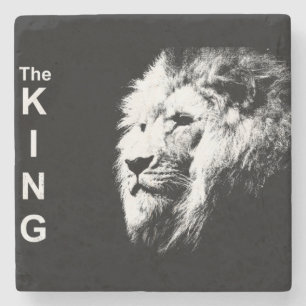 Dessous-de-verre En Pierre Tête de lion noire et blanche Modèle d'art pop mod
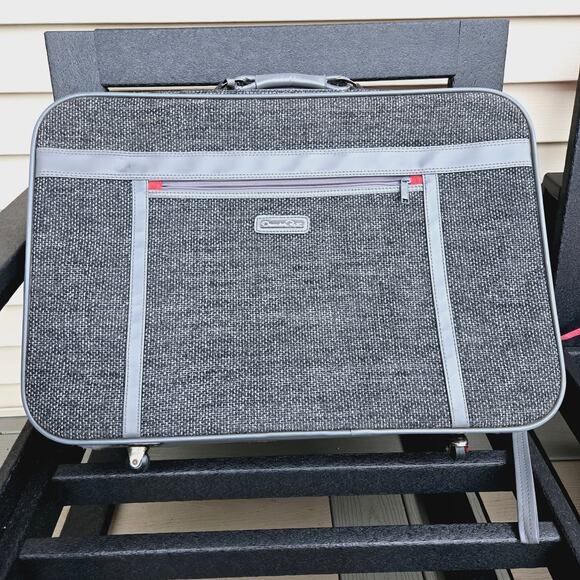 Oscar de la Renta Vintage Suitcase travel bag wheels tweed gray 25 inch - Picture 3 of 17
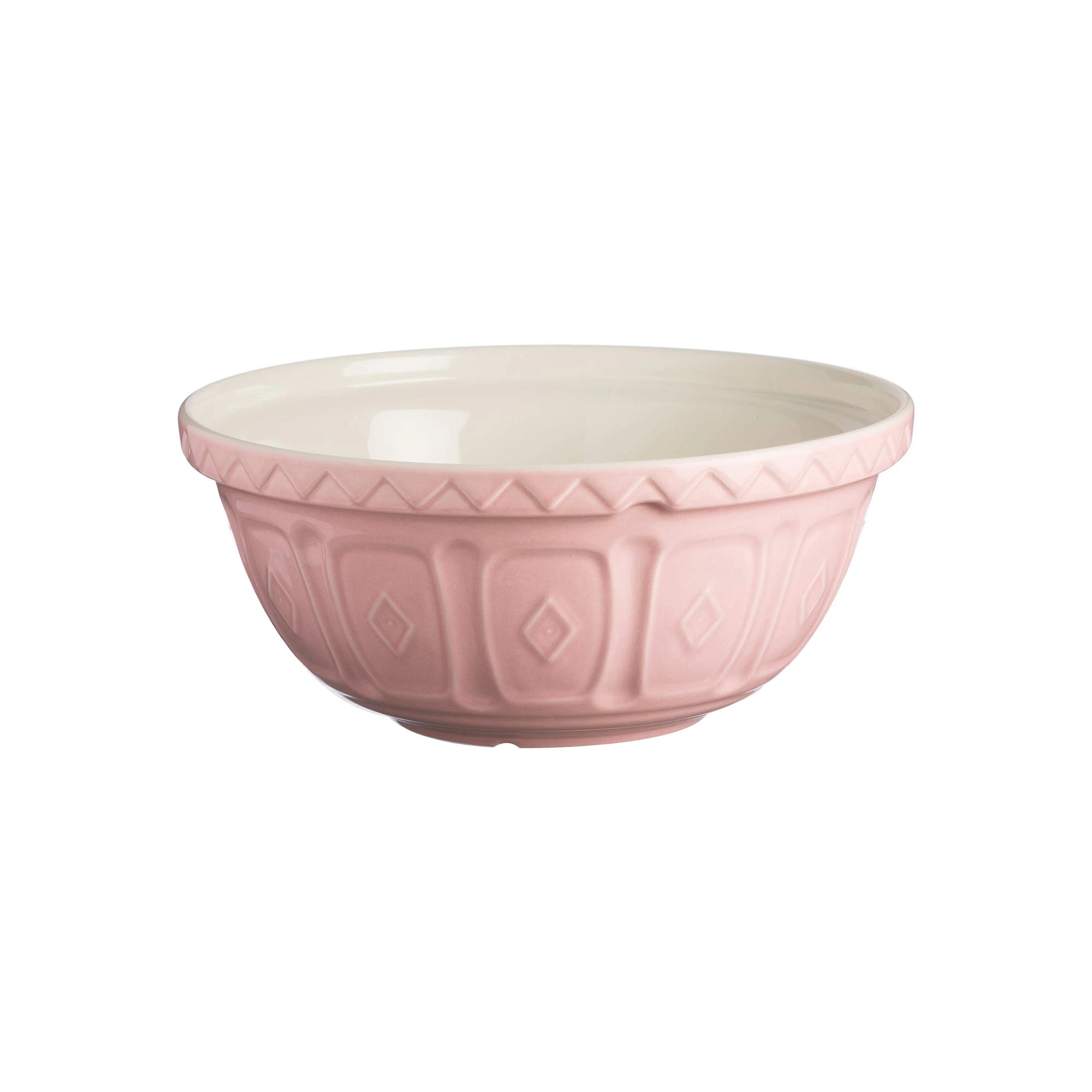 Mason Cash Colour Mix Powder Pink Mixing Bowl | 2 Litre Capacity | 24cm Earthenware Bowl with Classic Pattern Design | Dishwasher Safe | Ideal for Baking, Pastry, Cakes, Cookies & Family Baking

☆ ☆ ☆ ☆ ☆

## Requirement
Return the lines exactly, from the one containing "Oscar de la" through the last line above, including both ends and excluding every picture.

## Exercise output
 Oscar de la Renta Vintage Suitcase travel bag wheels tweed gray 25 inch - Picture 3 of 17
 Mason Cash Colour Mix Powder Pink Mixing Bowl | 2 Litre Capacity | 24cm Earthenware Bowl with Classic Pattern Design | Dishwasher Safe | Ideal for Baking, Pastry, Cakes, Cookies & Family Baking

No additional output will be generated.